Di ben altro tenore l’intervento di Quirico, rapito in Siria lo scorso anno e rilasciato solo dopo mesi dopo. Il giornalista ha inquadrato bene la sofferenza delle centinaia di migliaia di persone che hanno perso tutto. Lo ha fatto lanciando un duro j’accuse, contro i silenzi colpevoli di un Occidente troppo spesso impegnato a guardare altrove. “Allora dov’è la chiave? E’ nella straordinaria, orribile quotidianità del dolore. Il dolore senza sangue, il dolore come incontro quotidiano di 22 milioni di persone che vivono in Siria da quattro anni, 4 milioni sono fuggiti o vivono ai margini di questa tragedia. La quotidianità della sofferenza, l’incontro ogni minuto, ogni secondo della propria vita con il dolore, con la morte, con il sangue, con la ferocia: questa è la tragedia siriana. Allora riprendo una cosa che è scritta in fondo a questo salone: “Verso le periferie del mondo, il destino non ha lasciato solo l’uomo”. No! No, non è così, non è così, purtroppo! Il destino non lo so, ma noi, noi, l’Occidente, l’Europa, gli Stati Uniti, abbiamo lasciato solo l’uomo! Abbiamo lasciato solo quella vecchina, abbiamo lasciato soli gli altri 22 milioni di siriani, abbiamo lasciato soli i cristiani dell’Iraq, abbiamo lasciato soli i cristiani nel Nord della Nigeria, abbiamo lasciato soli esattamente vent’anni fa i rwandesi del genocidio, i somali, abbiamo lasciato soli gli uomini che vivono nelle periferie del mondo. Questa è la nostra colpa!”. 

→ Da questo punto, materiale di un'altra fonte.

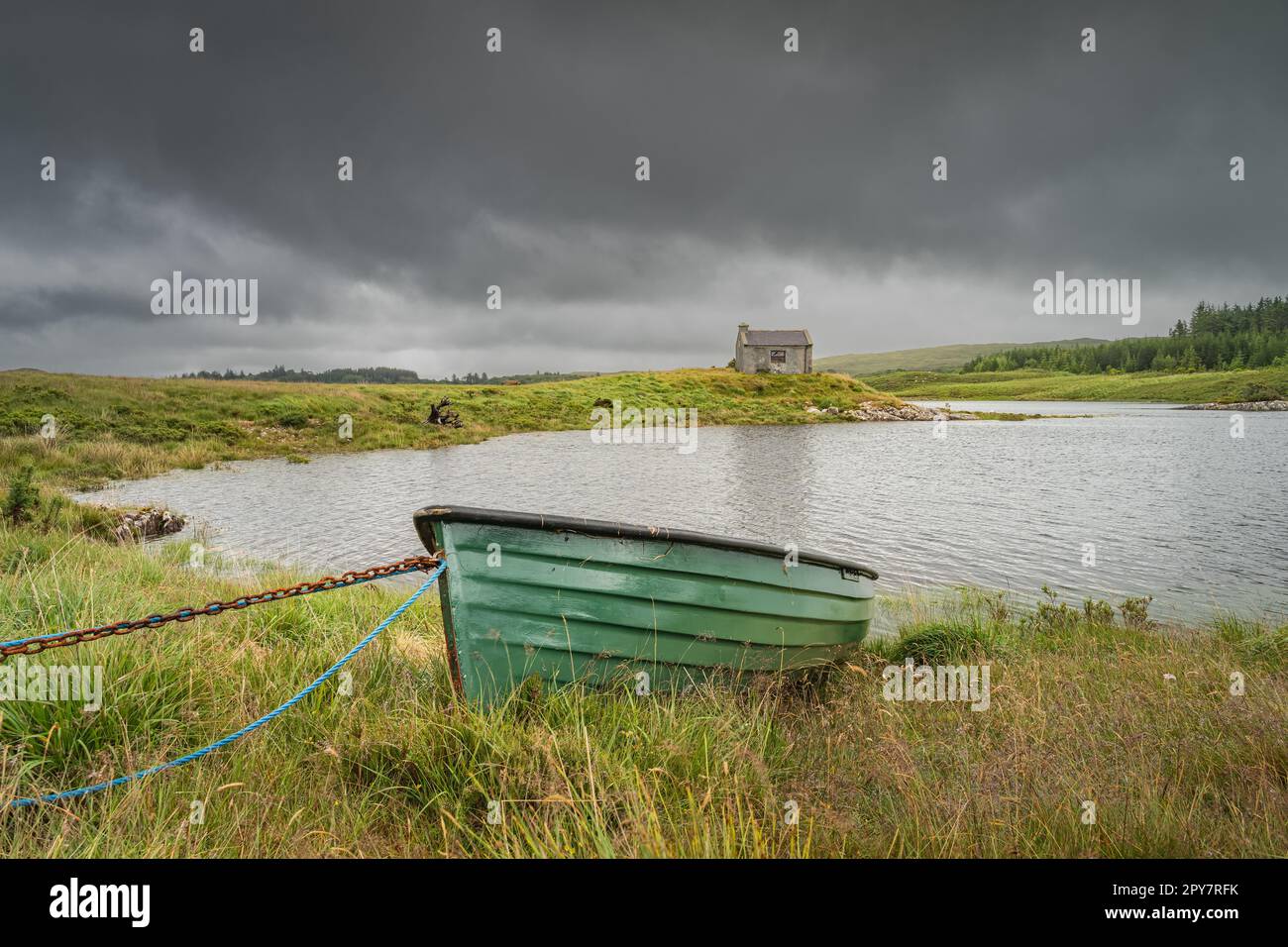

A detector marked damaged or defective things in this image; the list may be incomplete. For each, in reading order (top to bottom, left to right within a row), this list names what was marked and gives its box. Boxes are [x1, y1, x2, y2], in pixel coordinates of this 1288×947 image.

In questo drammatico contesto la Chiesa continua ad operare per i civili, ormai allo stremo. Ne ha dato testimonianza al Meeting anche il padre gesuita Ziad Hilal, coordinatore dei centri per i bambini del Jesuit Refugee Service ad Homs, che ha denunciato anche il silenzio dei media sulla Siria. Un grido uguale a quello di Mons.Warduni, testimone della fuga e delle uccisioni di migliaia di cristiani, costretti ad abbandonare la piana di Ninive, in Iraq, “dove vivono da duemila anni”. Alla fine del suo intervento al Meeting, commosso, Warduni ha chiosato: “Tutti abbiate pietà di noi, seminate la pace e la moralità, l’amore per Dio e per il prossimo e questo salverà il mondo. Gridiamo a Gesù sulla croce: Dio nostro non ci lasciare! Gridiamo al Santo Padre e lo ringraziamo tantissimo per i suoi aiuti morali e materiali e diciamo in nome di tutti: non lasciarci Santità! A tutti i sinodi delle Chiese del mondo, a tutte le nazioni chiediamo di cooperare insieme per seminare la pace, l’amore all’umanità e sradicare il male. Voi che ascoltate sosteneteci e il Signore vi benedica. Con questa fede viviamo e con essa seminiamo l’amicizia tra i popoli e saremo testimoni della libertà”. 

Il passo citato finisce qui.